The difference between the two types of milk is that in the A1 variant there is a substitution of an amino acid in a particular position on a casein (milk protein) molecule. This substitution can cause a seven-amino acid fragment to break off when digested. This fragment, known as beta-casomorphone-7 (BCM7), has opioid (narcotic) properties and may be a factor in developing autism in susceptible individuals. It also appears to play a role in some auto-immune conditions, including Type 1 (early-onset) diabetes, as well as possibly causing arterial disease in later life. Prof Woodford presents compelling evidence for all of the above.
A2 milk is now readily available in Australia and New Zealand. The relevant gene that is responsible for the A1 variant is co-dominant with the original A2 variant, as a result of which cows produce 100% A2 milk or 50% of both A1 and A2 milk or 100% A1 milk. Because of this, it is straightforward to breed cows to produce 100% A2 milk and, therefore, to breed entire herds to do so; consequently, it is possible to create a supply of pure A2 milk. Theoretically this would be possible around the world and it would be feasible to breed out the A1-producing cows entirely in about ten years. The material in this book seems to make that a logical choice and it would have huge beneficial health results. Even though the evidence supporting such a move has been clear and available for some seven years, it hasn’t happened and is unlikely to happen for some time. Why?
Devil in the Milk explains this clearly: commercial vested interests and government regulators apparently are more concerned with protecting the dairy industry than in protecting and improving people’s health. One of the main factors in this is Fontera, a company that controls more than half of the world trade in dairy products as well as over 90% of the New Zealand dairy industry and almost half of the Australia industry. It seems that Fontera does not want to allow the breeding out of A1 cows as this may have consumers questioning the safety of the milk they are currently drinking, which could lead to an overall drop in milk consumption which would, in turn, hurt Fontera’s profits.

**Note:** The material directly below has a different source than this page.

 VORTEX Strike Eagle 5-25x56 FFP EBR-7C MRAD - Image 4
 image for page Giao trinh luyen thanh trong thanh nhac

It is shameful that so frequently our wellbeing is compromised in the interest of commercial enterprise. However, in the case of milk, we can use our ‘consumer power’ to purchase only A2 milk (available from all major Australian supermarkets and widely in New Zealand) and force the dairy industry to change. In countries where A2 milk is not marketed, consumers can demand that it be made available.
Prof Woodford has done a wonderful job at bringing together all the scientific, commercial and political elements of the story and presenting it in a straightforward and uncomplicated way. The reader needs no scientific or statistical knowledge, as none is assumed in the evidence presented and in the explanation and discussion of the evidence. I commend this book to anyone who is concerned with looking after their own health and that of their children and it should be compulsory reading for all doctors, dieticians, nutritionists, naturopaths and other healthcare practitioners.